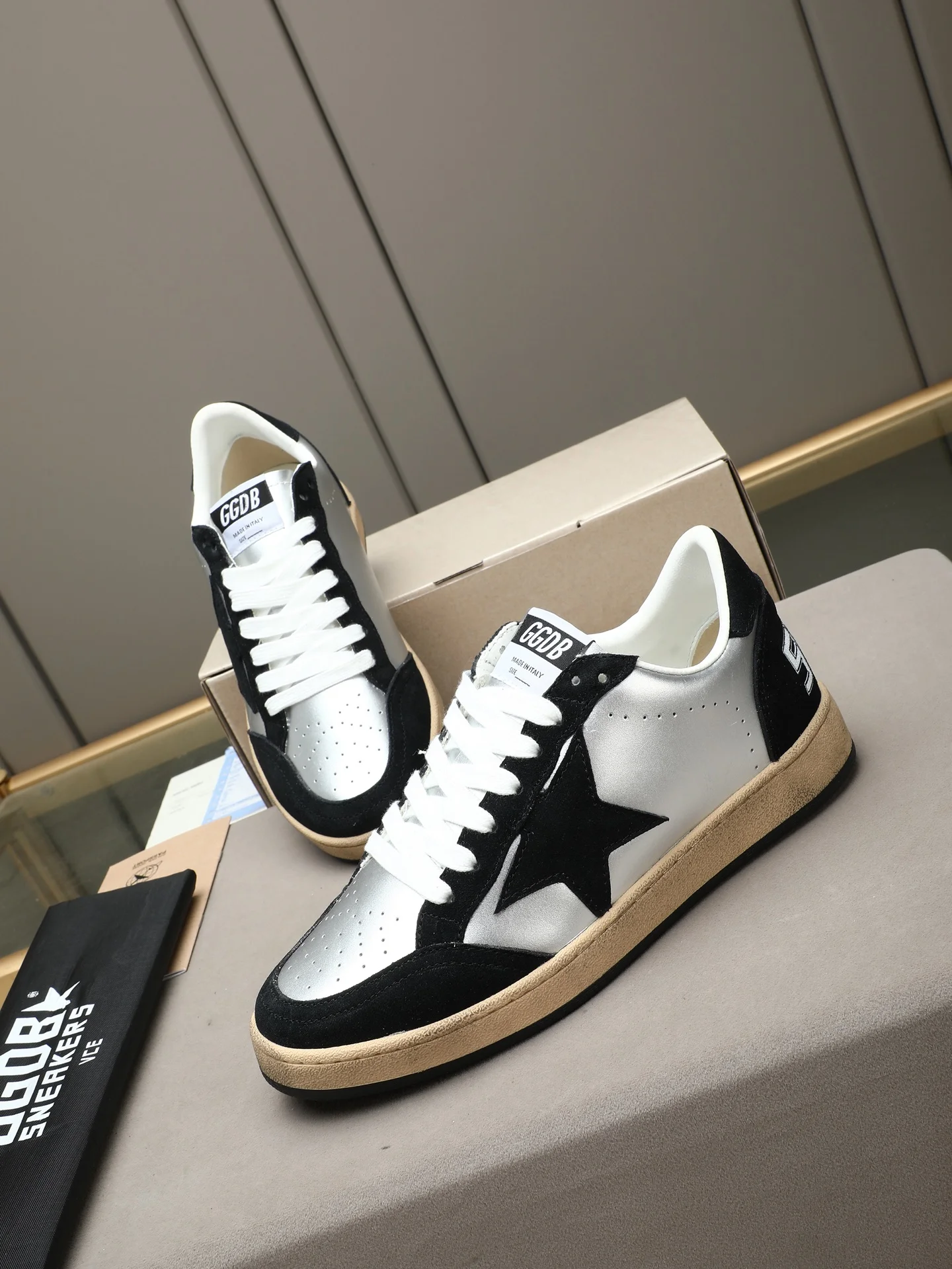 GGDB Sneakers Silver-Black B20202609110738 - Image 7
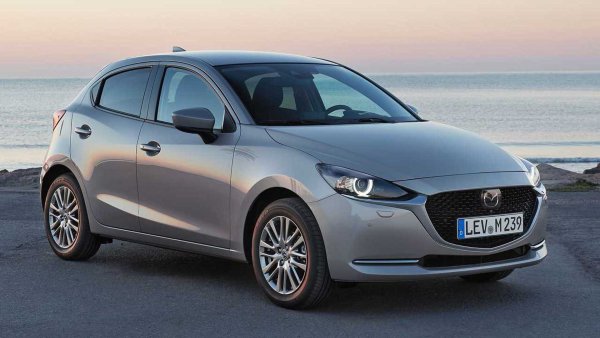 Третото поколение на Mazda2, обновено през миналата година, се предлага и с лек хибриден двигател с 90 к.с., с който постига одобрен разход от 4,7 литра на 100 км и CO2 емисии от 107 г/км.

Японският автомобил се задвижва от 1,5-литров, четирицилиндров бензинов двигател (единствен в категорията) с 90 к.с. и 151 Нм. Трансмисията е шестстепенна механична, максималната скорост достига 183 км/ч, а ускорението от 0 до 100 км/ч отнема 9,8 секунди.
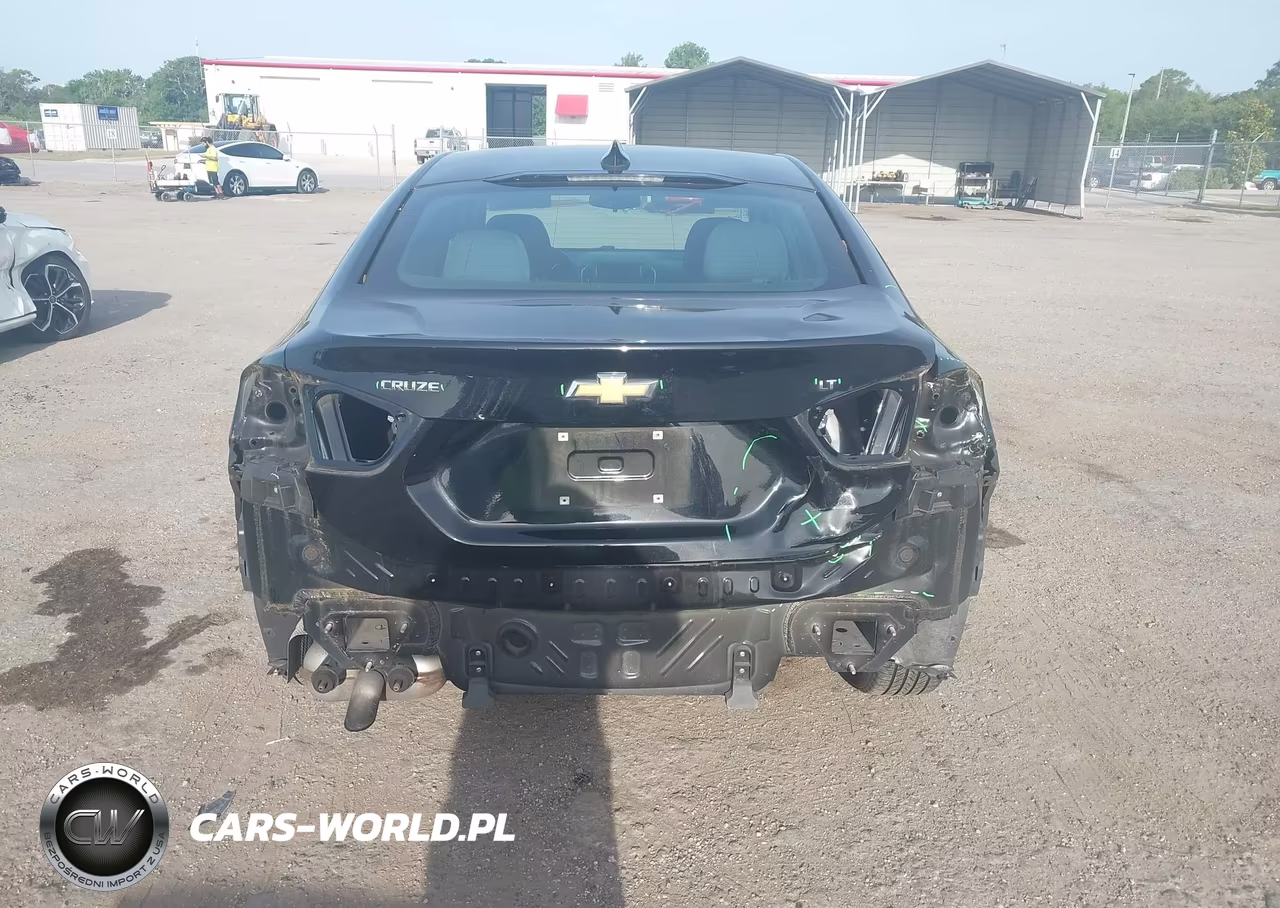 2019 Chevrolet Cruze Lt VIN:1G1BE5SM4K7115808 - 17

● **Work required**
Repeat all the material exactly, but keep pictures out of the copy.

● **Exercise solution**
 GGDB Sneakers Silver-Black B20202609110738 - Image 7
 Третото поколение на Mazda2, обновено през миналата година, се предлага и с лек хибриден двигател с 90 к.с., с който постига одобрен разход от 4,7 литра на 100 км и CO2 емисии от 107 г/км.

Японският автомобил се задвижва от 1,5-литров, четирицилиндров бензинов двигател (единствен в категорията) с 90 к.с. и 151 Нм. Трансмисията е шестстепенна механична, максималната скорост достига 183 км/ч, а ускорението от 0 до 100 км/ч отнема 9,8 секунди.
 2019 Chevrolet Cruze Lt VIN:1G1BE5SM4K7115808 - 17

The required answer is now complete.